■ Given information
-*-*-
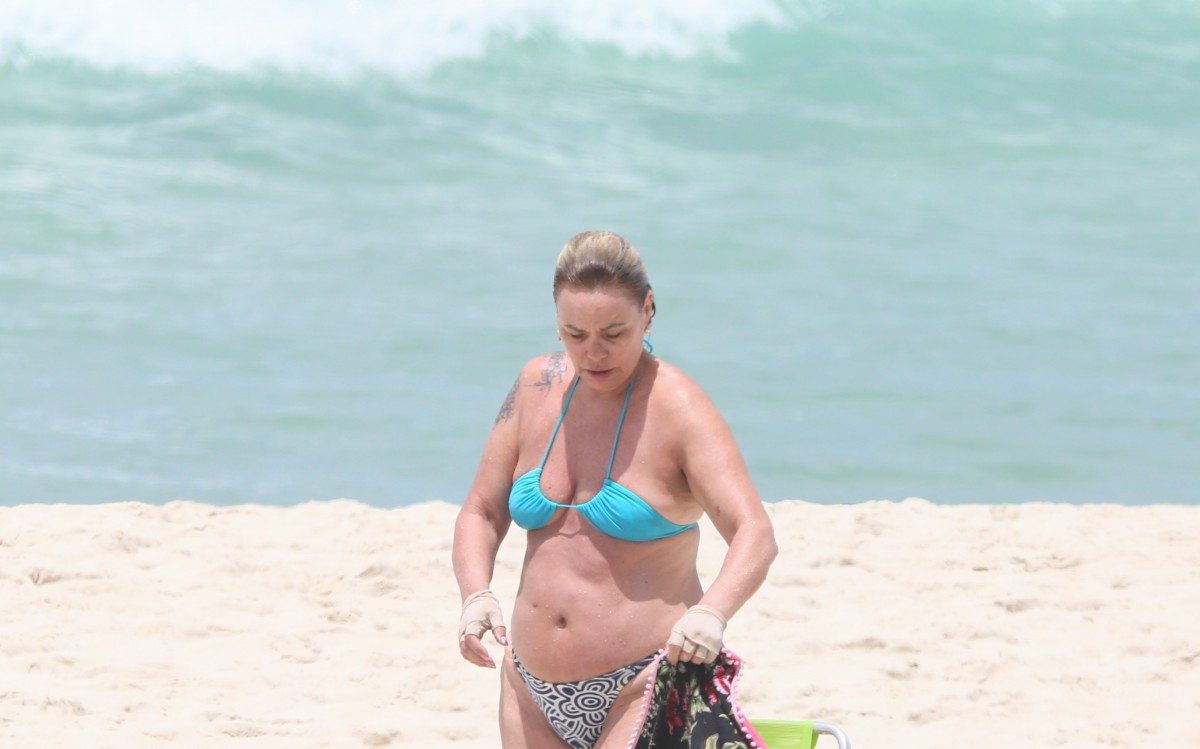 Rog&eacute;ria Bolsonaro curte dia de praia sozinha na Barra da Tijuca, na Zona Oeste do Rio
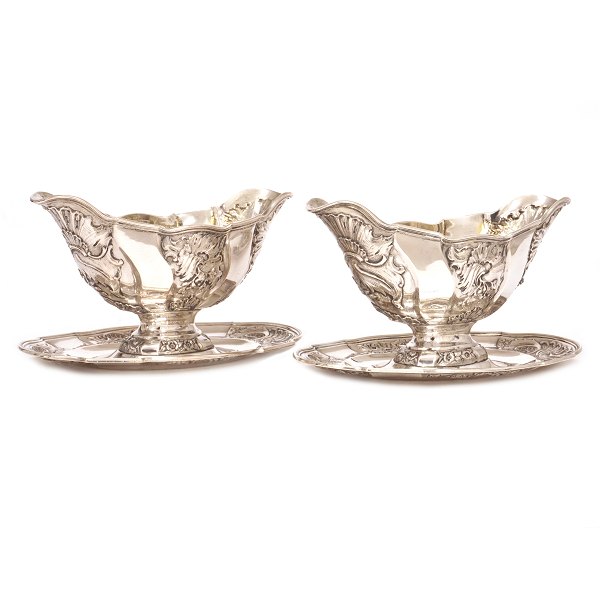 Pair silver sauce boats by A. Michelsen, Copenhagen, dated 1898 & 1901. H: 13cm. L: 22cm. W: 1.244gr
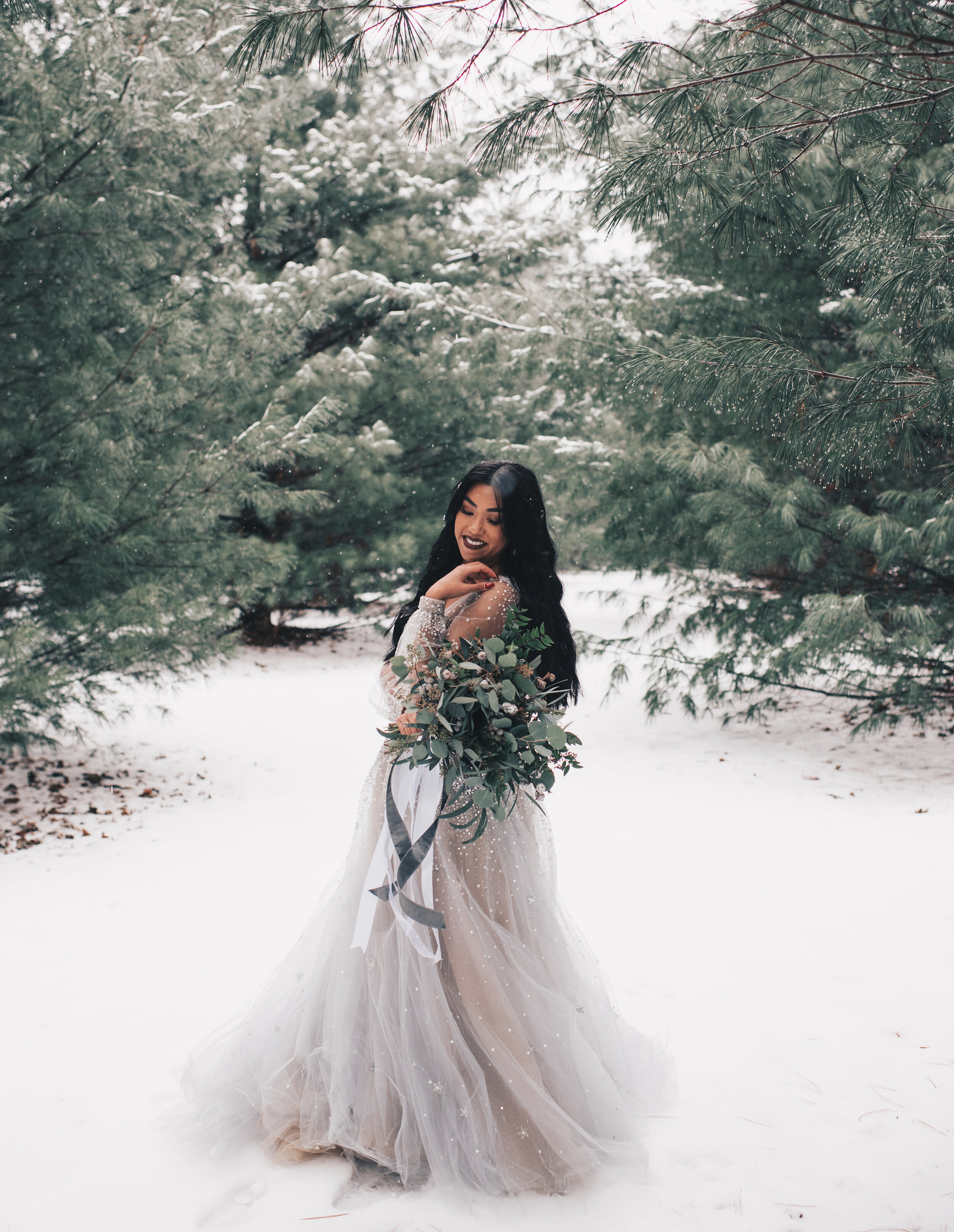 Winter Bridals, Winter Wedding, Bride and Groom Winter Wedding Photos, Adventure Winter Wedding, Winter Wedding Photos, Adventure Winter Elopement, Winter Elopement, Dreamy Winter Wedding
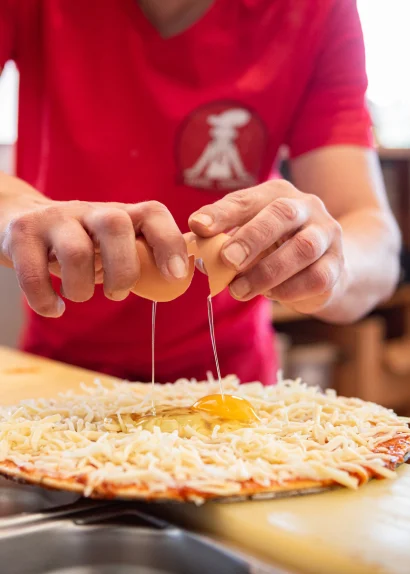 Préparation de pizza avec des œufs et du fromage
-*-*-
■ Aim of the task
If a picture falls within the span, leave it out, and reproduce exactly the lines from the one containing "Pair silver sauce" through the end of the material, and no others.

■ Solution
 Pair silver sauce boats by A. Michelsen, Copenhagen, dated 1898 & 1901. H: 13cm. L: 22cm. W: 1.244gr
 Winter Bridals, Winter Wedding, Bride and Groom Winter Wedding Photos, Adventure Winter Wedding, Winter Wedding Photos, Adventure Winter Elopement, Winter Elopement, Dreamy Winter Wedding
 Préparation de pizza avec des œufs et du fromage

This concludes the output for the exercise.